Foodge managed to pull the pillow from his face. “I dreamed that my head was stuck inside a box.”

“What, like a disembodied head kept alive by a mad scientist, as in the movie, The Brain That Wouldn’t Die, or like someone had smashed your head into a box?”

“Dunno, I could still feel my limbs.”

“That could be phantom sensations.” Granny pondered.

“Does it matter now?” Foodge turned over to try to get back to sleep.

“It sort of does. Could you hear anything?”

“Yes, there was a humming sound behind my head, you know, pumps and so forth.” Foodge pulled up the duvet, even though it wasn’t particularly cool.

“Any voices?”

“Yes, umm, those two fellows that pop in occasionally, um, Hung and Big M.”

“What did they say?’ Granny was becoming anxious.

“Something about two dimensional characters and one dimensional plot lines.” Foodge suddenly started snoring loudly.

Granny didn’t get back to sleep, but sat up wondering what all this meant.

Granny wondering how she got into this mess…

Foodge was back at his usual station behind the bar. Merv slipped a middy along the bar. “Get that into you, it’ll put lead in yer pencil.”

“Love a stout, especially first thing in the morning.” Foodge skulled the dark liquid.

“It’s Granny’s new Porter.”

“What’s a Porter?”

“It’s essentially a type of stout.”

“Right.” Foodge pushed the empty glass along the bar, which Merv quickly refilled (the glass, not the bar).

Foodge raised the glass to his lips but his eyes were transfixed by the most beautiful face he’d seen in his life. She really was a long cool woman in a black dress (as the song goes). She was tall, slender, slightly athletic, with black hair, emerald eyes and pale, almost alabaster skin. “Morning!” He blustered, with the glass still in front of his face.

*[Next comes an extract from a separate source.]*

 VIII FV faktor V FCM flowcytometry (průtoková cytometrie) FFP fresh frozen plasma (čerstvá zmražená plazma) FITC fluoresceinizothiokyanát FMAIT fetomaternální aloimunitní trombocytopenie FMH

Merv was just as enchanted, but somehow, maintained some composure. “Good morning, madam, can I be of assistance?”

“What a darling man.” She enthused. “I’m hoping that you can help me.”

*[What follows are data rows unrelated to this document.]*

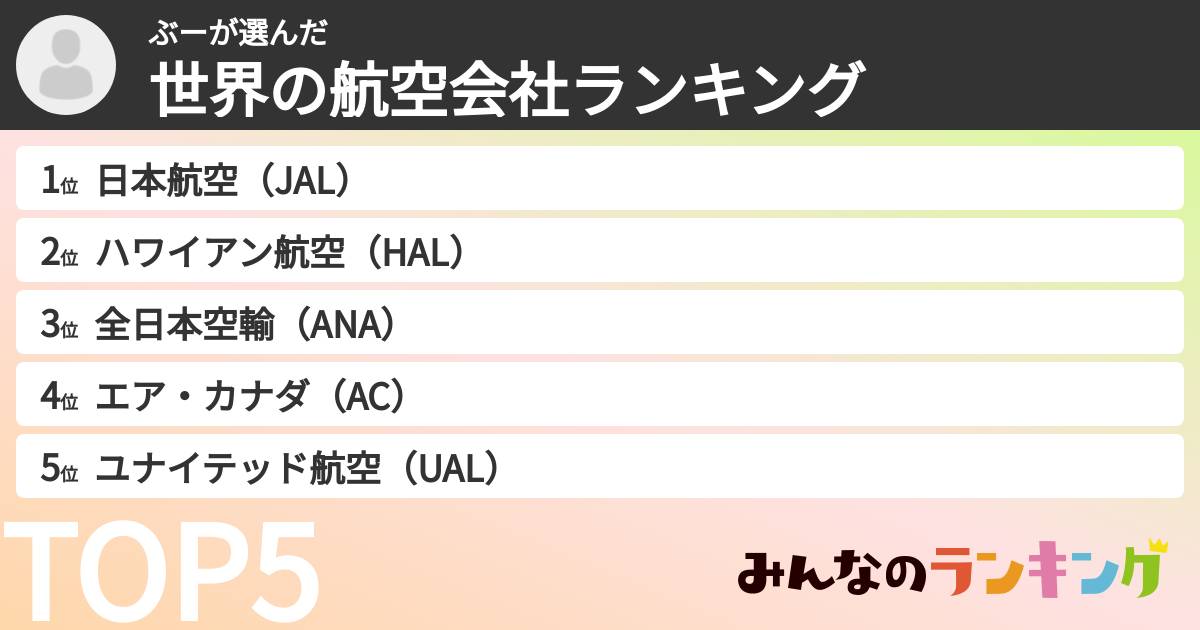ぶーさんの「世界の航空会社ランキング」
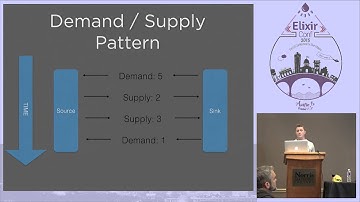 ElixirConf 2015 - Streams, External Services, and OTP by Ben Wilson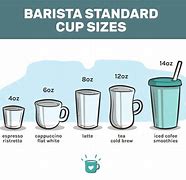 Image result for How Big Is 30 Oz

“Yes, yes.” Foodge and Merv leaned forward.

“I’ve lost my husband.”

A flicker of hope flared in Merv’s heart. “I’m so sorry for your loss.”

“No, he’s not dead, he really is lost. I haven’t seen my Alexander for months. He said he was coming to the Pig’s Arms to help out for a week or so and hasn’t been back.”

Merv was slightly crestfallen. “Alexander you reckon? Never ‘eard of him.”

“You may know of him as Sandy?”

“Doesn’t ring a bell.” Both Foodge and Merv shook their heads.

“He sometimes dresses as a priest and claims to be from the Generic Brand Church.”

“Oh, of course, Father O’Way, or FOW as we sometimes call him.” Foodge motioned to the coffee machine.

“Thank goodness, no, I won’t have a coffee, I wouldn’t mind something stronger…perhaps from the top shelf.”

Merv picked up on the hint and decanted from the South Sea Islands Blue Label.

Merv in shock…

“You know that he’s not really a priest, he just dresses that way to avoid the risk of becoming a one dimensional character. The problem is that we all run that risk in the Fictional Character Industry.”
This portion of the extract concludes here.